The data warehouse is a reflection of the business. It grows in response to business needs. It makes sense then to analyze data activity and usage accordingly. When you group applications, data, or users in the context of the business (for example, by department or line of business), you can then begin to analyze utilization and assign accountability via chargeback or showback. For example, when marketing requests more data, the IT department can show them how much data hasn’t been used and the cost to continue to manage the current data as well as additional data coming in. When you start putting it in terms of how much it costs to load and maintain data, and can demonstrate how much isn’t being used, the data set that seemed so important may lose some of its significance. The standing request might just lose its urgency, particularly if the cost to keep the data comes out of departmental budgets.
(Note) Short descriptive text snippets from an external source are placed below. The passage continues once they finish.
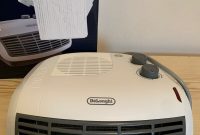 Delonghi Htf 3033 Electric Compact Heater pertaining to dimensions 1200 X 1600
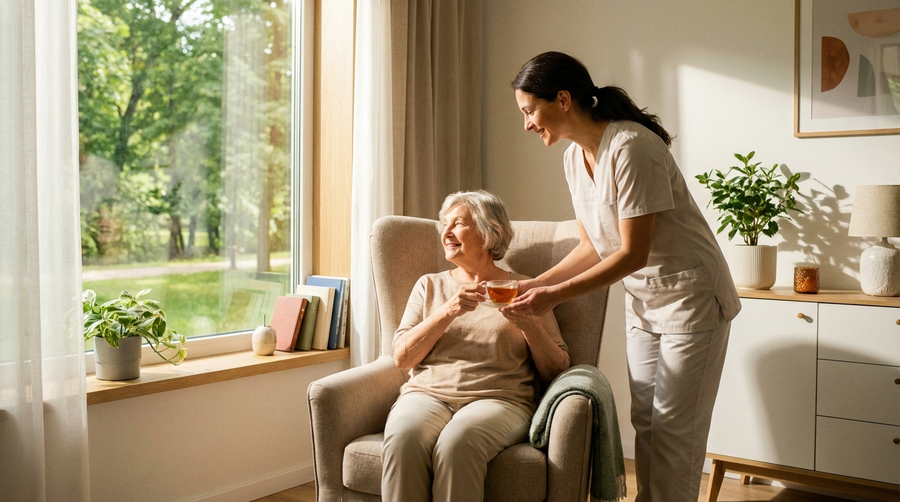 Pflegeplatz-Notfall in Mönchengladbach: So finden Sie 2026 schnell das richtige Pflegeheim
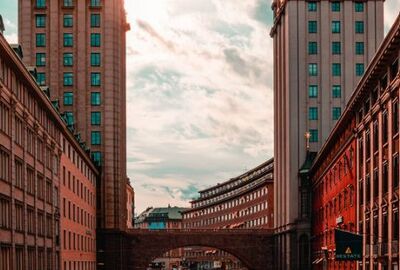 İzmir `den Büyük İskandinavya & Fiyordlar Turları ( Cph-Cph ) Geziler Dahil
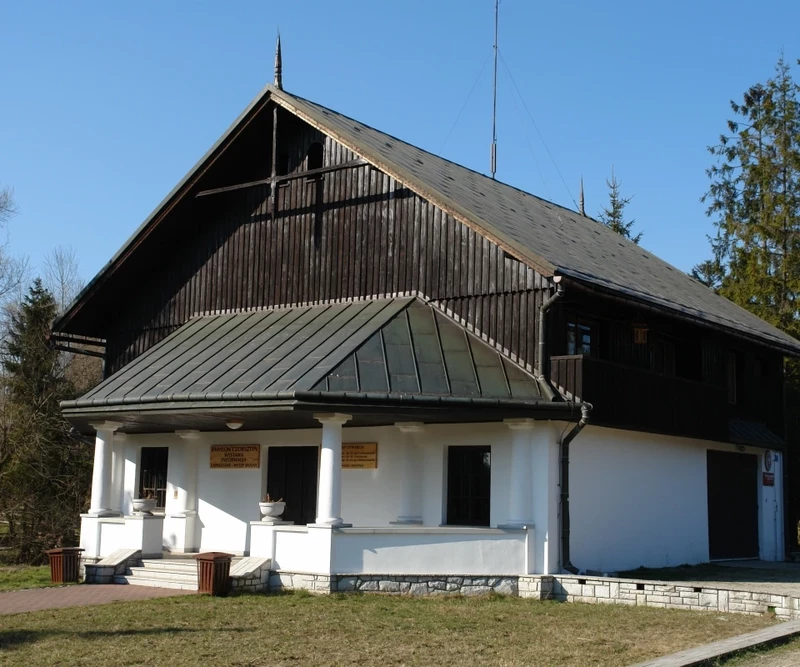 Agenda - Ekosystemy łąkowe i pastwiskowe Pienin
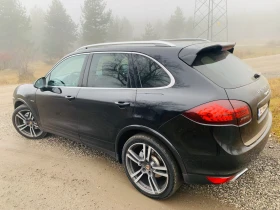 Porsche Cayenne | Mobile.bg    8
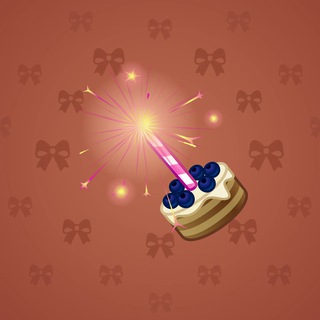 Party Sparkler #166358
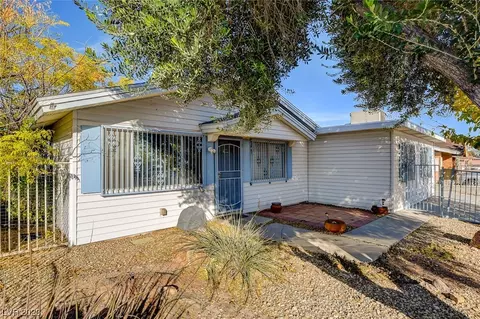 3572 E Gowan Rd, Las Vegas, NV 89115
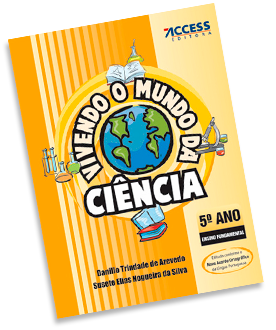 Livro da coleção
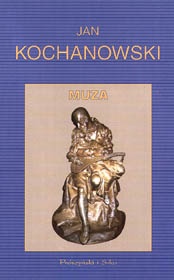 Muza - Jan Kochanowski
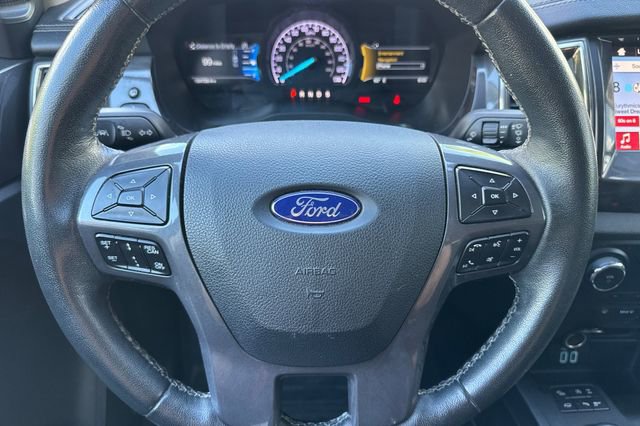 Used 2019 Ford Ranger Lariat image 23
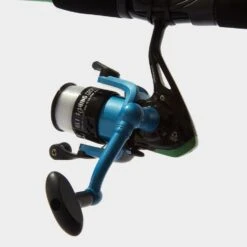 Shakespeare X Angling Trust 7ft Spin Combo -Fishing Club Store go 608663 e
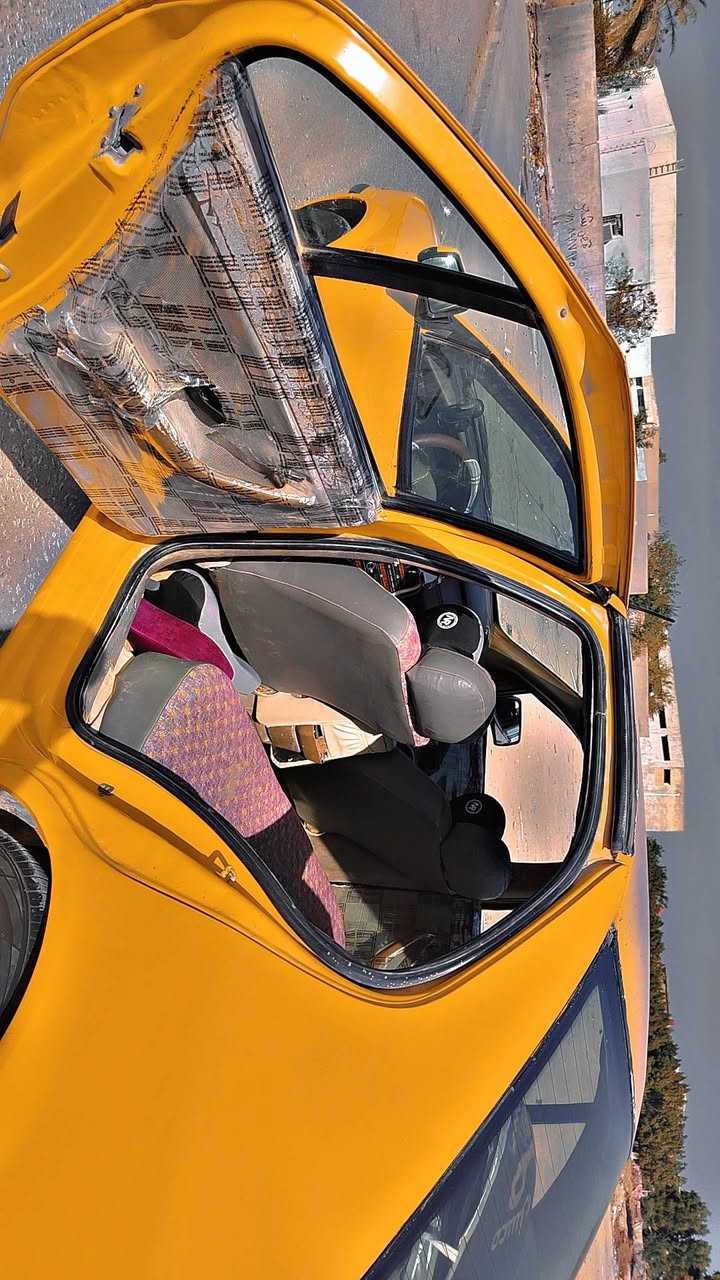 السلام عليكم 
سمند 2010
السيارة حلوة وجاهزة كير ومحرك مكفول
راعيه جهازة مغلق 
السعر 18مكاني نجف
***********
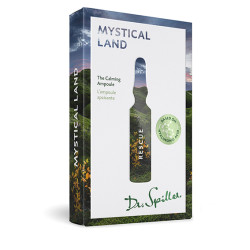 Dr. Spiller Rescue – Mystical Land The Calming Ampoule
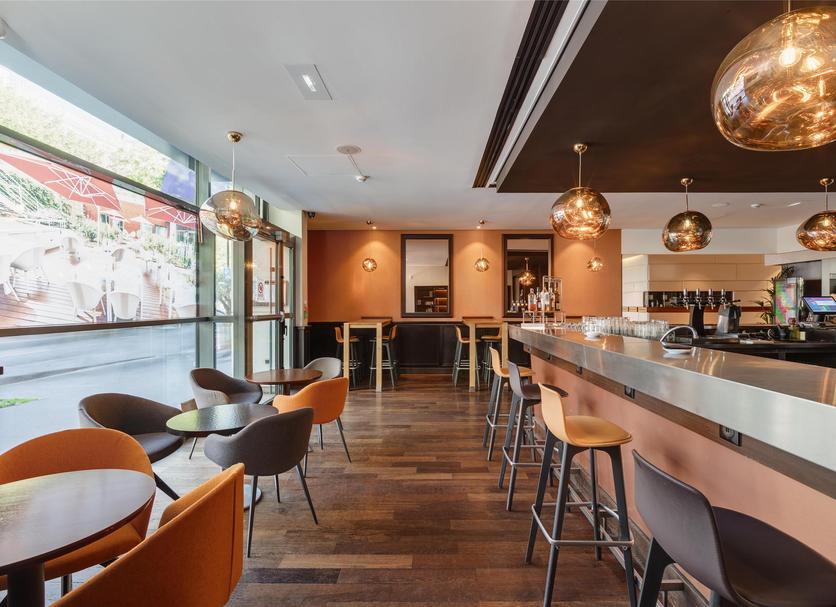 Bar Photo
Identifying dormant data recovers storage capacity. But it also helps reduce costs related to loading and transforming the data. If you don’t need the data anymore, you can stop loading it, which means you eliminate a portion of the ETL processes that are consuming CPU capacity. If you do need the data, say for regulatory reasons, you can offload the processes of ETL to load and transform the data onto a lower-cost Hadoop cluster. You not only recover storage capacity, but also ETL CPU capacity because all the data that you’re not loading and ingesting in an EDW means you’re consuming less CPU capacity on the system.

The key is to gain visibility into the EDW to learn what data is used and what data is unused.